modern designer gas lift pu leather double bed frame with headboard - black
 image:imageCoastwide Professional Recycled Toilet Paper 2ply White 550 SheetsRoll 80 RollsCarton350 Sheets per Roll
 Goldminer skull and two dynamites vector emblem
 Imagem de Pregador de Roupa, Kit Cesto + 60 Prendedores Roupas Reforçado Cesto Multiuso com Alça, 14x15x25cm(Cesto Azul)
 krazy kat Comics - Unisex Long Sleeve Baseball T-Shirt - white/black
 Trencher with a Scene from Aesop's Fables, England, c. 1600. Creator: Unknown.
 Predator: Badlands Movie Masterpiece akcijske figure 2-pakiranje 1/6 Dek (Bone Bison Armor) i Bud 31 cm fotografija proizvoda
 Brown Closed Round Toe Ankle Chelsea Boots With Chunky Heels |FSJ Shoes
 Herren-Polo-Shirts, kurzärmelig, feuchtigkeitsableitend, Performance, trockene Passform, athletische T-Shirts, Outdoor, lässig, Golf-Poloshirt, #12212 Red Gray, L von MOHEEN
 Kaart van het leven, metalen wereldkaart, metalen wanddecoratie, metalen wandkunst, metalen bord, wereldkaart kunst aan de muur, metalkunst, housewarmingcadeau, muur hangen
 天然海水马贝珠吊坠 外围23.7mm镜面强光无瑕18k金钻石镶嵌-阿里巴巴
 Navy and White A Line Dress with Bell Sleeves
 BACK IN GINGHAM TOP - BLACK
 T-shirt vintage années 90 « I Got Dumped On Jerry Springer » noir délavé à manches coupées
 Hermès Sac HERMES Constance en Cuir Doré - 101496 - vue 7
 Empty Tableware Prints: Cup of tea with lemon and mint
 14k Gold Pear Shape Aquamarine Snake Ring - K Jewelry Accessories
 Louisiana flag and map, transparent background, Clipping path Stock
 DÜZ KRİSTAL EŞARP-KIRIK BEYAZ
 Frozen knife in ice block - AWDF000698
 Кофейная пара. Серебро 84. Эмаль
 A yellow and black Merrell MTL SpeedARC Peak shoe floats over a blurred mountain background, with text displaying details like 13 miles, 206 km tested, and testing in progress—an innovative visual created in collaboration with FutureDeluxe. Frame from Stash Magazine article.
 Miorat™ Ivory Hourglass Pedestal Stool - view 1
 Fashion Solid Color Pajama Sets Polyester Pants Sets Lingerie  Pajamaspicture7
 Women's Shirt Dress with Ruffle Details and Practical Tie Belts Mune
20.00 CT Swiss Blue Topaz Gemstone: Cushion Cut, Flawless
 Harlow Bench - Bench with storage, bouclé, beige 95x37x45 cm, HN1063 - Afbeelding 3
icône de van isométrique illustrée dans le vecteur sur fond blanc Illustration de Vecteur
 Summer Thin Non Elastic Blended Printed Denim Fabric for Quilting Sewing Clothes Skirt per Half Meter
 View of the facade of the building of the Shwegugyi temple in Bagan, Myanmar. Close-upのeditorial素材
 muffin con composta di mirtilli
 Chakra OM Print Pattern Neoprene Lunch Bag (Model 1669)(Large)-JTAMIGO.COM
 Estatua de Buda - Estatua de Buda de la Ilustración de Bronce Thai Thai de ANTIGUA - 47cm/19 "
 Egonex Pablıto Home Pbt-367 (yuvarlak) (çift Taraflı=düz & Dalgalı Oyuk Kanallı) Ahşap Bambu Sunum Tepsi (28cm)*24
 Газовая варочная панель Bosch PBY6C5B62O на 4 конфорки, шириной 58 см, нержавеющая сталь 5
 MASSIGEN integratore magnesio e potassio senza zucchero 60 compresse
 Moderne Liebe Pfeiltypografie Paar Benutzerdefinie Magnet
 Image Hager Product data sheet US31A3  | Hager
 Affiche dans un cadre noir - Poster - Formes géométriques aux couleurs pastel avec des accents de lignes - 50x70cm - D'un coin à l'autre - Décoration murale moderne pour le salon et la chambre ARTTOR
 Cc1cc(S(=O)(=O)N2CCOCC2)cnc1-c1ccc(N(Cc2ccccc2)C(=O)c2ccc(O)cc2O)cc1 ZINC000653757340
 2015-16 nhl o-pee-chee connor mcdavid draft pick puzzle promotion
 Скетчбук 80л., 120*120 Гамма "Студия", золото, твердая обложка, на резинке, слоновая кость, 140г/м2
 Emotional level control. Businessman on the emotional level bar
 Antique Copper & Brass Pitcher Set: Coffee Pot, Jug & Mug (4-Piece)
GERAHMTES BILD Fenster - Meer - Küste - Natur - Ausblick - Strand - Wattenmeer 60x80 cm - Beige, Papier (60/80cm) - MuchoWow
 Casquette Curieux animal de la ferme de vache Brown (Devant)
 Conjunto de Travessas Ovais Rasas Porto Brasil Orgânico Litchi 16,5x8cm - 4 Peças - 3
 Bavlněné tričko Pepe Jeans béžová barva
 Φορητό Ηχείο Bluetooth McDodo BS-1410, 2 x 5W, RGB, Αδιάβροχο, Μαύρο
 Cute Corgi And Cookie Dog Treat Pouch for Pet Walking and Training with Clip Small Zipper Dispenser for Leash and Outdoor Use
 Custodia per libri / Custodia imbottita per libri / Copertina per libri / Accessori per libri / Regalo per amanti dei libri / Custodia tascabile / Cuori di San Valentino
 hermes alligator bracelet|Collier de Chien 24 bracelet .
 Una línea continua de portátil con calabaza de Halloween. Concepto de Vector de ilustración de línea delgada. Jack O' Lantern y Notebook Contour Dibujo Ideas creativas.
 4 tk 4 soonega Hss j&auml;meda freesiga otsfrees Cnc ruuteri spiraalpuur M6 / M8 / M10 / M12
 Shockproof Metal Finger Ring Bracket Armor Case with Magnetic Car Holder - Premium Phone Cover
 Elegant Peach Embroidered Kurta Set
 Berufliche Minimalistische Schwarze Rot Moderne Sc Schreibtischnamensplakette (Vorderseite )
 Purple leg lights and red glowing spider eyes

**WORK INSTRUCTIONS**
Above is a listing; report how many of its lines include the word "background", giving the number only.

**REPLY**
2